That’s an interesting example and I do think that happened in some. I also think it happens that what we have as the vision of what we’re capable of when we start the business is not what we realize that we are capable of once we’re in the business. We designed the business for Gwen years ago. The business becomes the business that would support Gwen years ago. In those years, all of a sudden, it’s like, “That’s not what I want to do, incapable of doing, etc. What I want to do is blah, blah, blah.” There is no way to know it without having gone through the process of building the business years ago Gwen.
In that case, it’s also a situation where we don’t acknowledge that the work we did is what got us to this place but this place is a place of discontent. We got discontent by a very healthy way. It wasn’t accidental but we don’t see it as intended because we’re now in the discontent spot. Being able to say, “It’s okay that I went down this path,” that then got me to this place that realizes I need to be way over here and to not call it a failure in any way. That’s the challenge. Often, we ultimately then call it a failure when it wasn’t. That failure thing is hard for us and so staying in a place of discontent.

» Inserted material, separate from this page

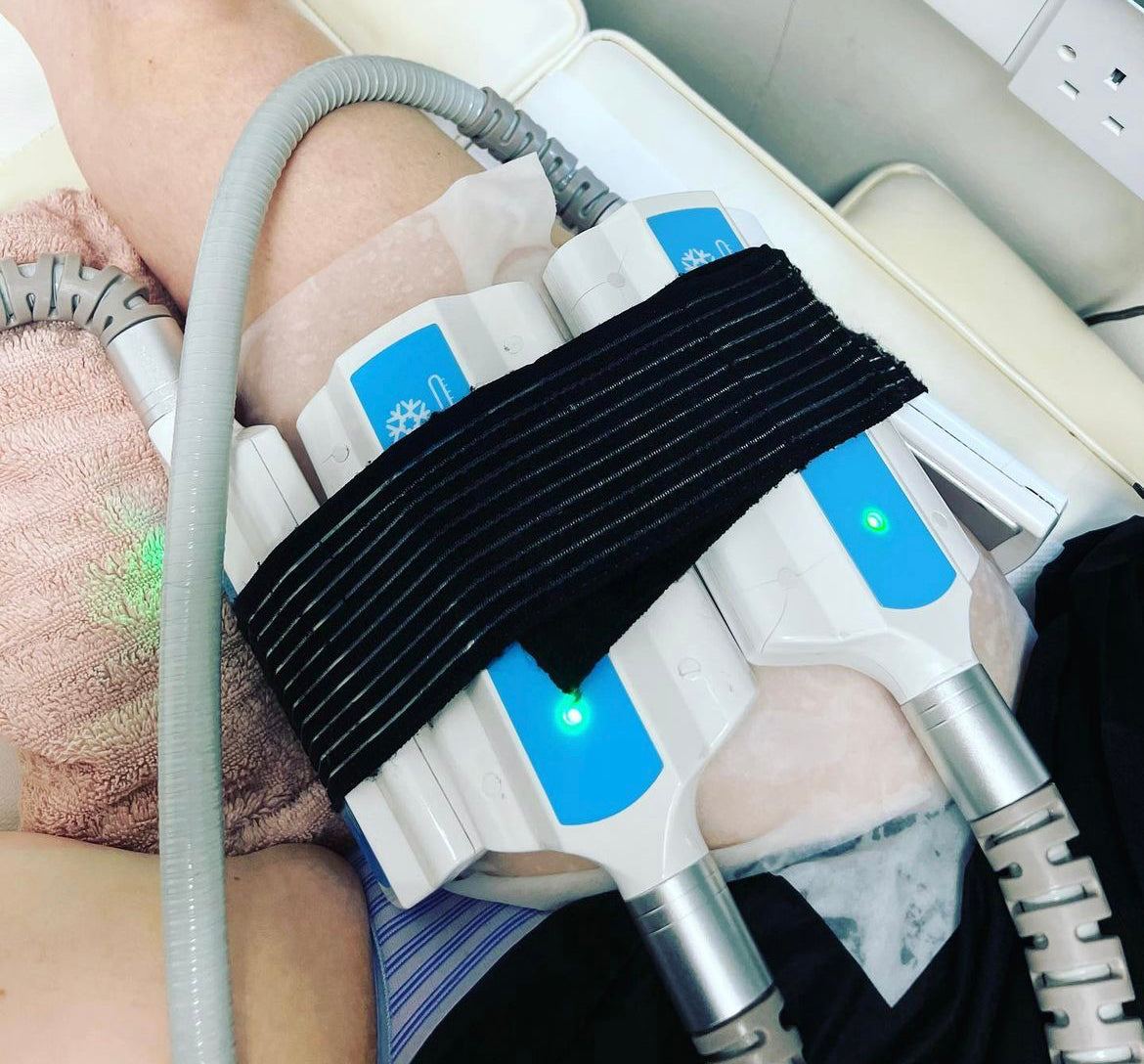 Standard Fat Freezing Four Areas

That’s another way that we get there. This was part of the journey. We had to do it. It’s what happened. I think that we’ve already touched base on this quite a bit. The other thing, and it’s a version of what I was just talking about. This was right for the season, but this is right for this new season. The new season sometimes is about things that we weren’t anticipating. We are anticipating that Lily will continue through high school. The girls will go through the thing that they’re doing, but what we don’t anticipate is things that we would never dream, want or wish to happen.
What happens when your husband all of a sudden gets an incredible offer in a completely different place and that’s a completely different job? You’re all like, “We have to do this.” It could still be a positive thing, but it could then put you in a place of like, “I wish I didn’t have this business because I can’t deal with all of that and what that takes.” Unexpected situations pop up. Sometimes, it is completely unanticipated for whatever happens. The biggest one is we aren’t recognizing our discontent early in the process. We keep thinking, “It’ll be better next week or next month or whatever.” To me, this is the piece where we’re missing that outside perspective.

What it is, and this is the problem. People tend to just swim along until they can’t or until they don’t want to. What all of us need to be doing to make sure that we are always building the business we want, that we are doing something that is sustainable for us. You have to reassess at every stage. The question I will always ask myself is not just, can I do this? Do I want to do this? It’s, is this what I should be doing now?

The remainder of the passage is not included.